Un journal, peut-être ? Un carnet, plus sûrement. Des notes et des impressions. Des textes gouvernés par la circonstance. Improvisés quand il faut. Mal écrits souvent, à la hâte ou sur le vif.

D’une intention encore mal éclaircie. Ils (se) cherchent moins quelque patronage littéraire qu'à découvrir cette intention.

Des papiers, encore. Drôle de matière. Moins emblème que dissonance, lorsqu’on les mesure à leurs ponctuations numériques. Il arrive toutefois qu'ils s’accordent avec le sens qu'ils possèdent en langue anglaise. Ils (re)deviennent alors une catégorie du discours.

Ce sont généralement plutôt des brèves, des citations ou des gloses. Des bouts d'expérience, qui deviennent par accident métaphores. Des morceaux d'actualité. Et pour tout dire, les digressions y occupent le centre.

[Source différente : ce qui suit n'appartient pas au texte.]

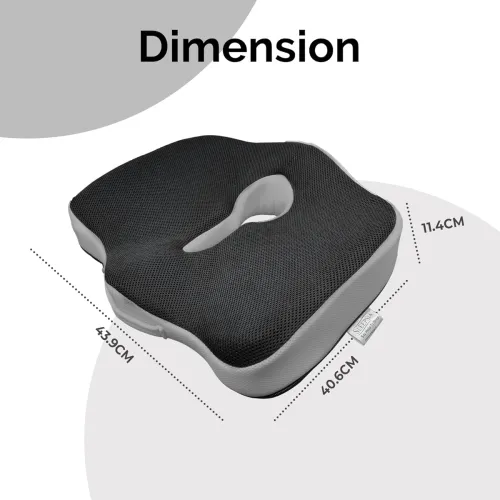 Image of Sleepsia Doctor Orthopedic coccyx tailbone seat cushion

Les dates qui leur répondent, aléatoires ou affectives, ne tiennent elles-mêmes que de fendre un peu des événements de nature très diverse, intimes ou publics, quelconques - incertains.

Pour l'essentiel, tout y est vu d'ici.

mercredi 15 novembre 2017

ZONE ÉMOTIVE

Il y a quelque chose d’intriguant à sonder, même à titre fragmentaire, la réception chez les linguistes du Baudelaire : la manière en particulier dont s’y trouve saisi le plan de l’évocation distinct du plan de la signification. L’époque et ses savoirs s’y lisent, tout particulièrement à travers la promotion des approches cognitives. Il est vrai que l’accent est mis régulièrement dans les notes manuscrites elles-mêmes sur la « zone émotive » des textes ; tout en s’enracinant dans un des plus anciens lieux communs sur la poésie, dont Benveniste a par ailleurs du mal à se délester. À voir comment il l’appréhende sous l’espèce de concepts tentés « iconisant », « iconisé », « évoquant », « évoqué », on en oublierait presque le corpus qu’il a sélectionné, un poète dont les positions théoriques au cours des années 1850 entre précisément en débat sinon en lutte polémique avec le statut de l’émotion et du vécu en régime littéraire. Ce n’est pas le caractère inabouti ou instable des catégories qui importe, elles visent à rendre compte du fait que le signe poétique est définitivement décroché de l’acception saussurienne ; c’est un versant daté dans son incomplétude, à moins de le prendre par la « sorcellerie évocatoire », la lignée symboliste et les nombreux parallèles ou comparaisons avec Mallarmé.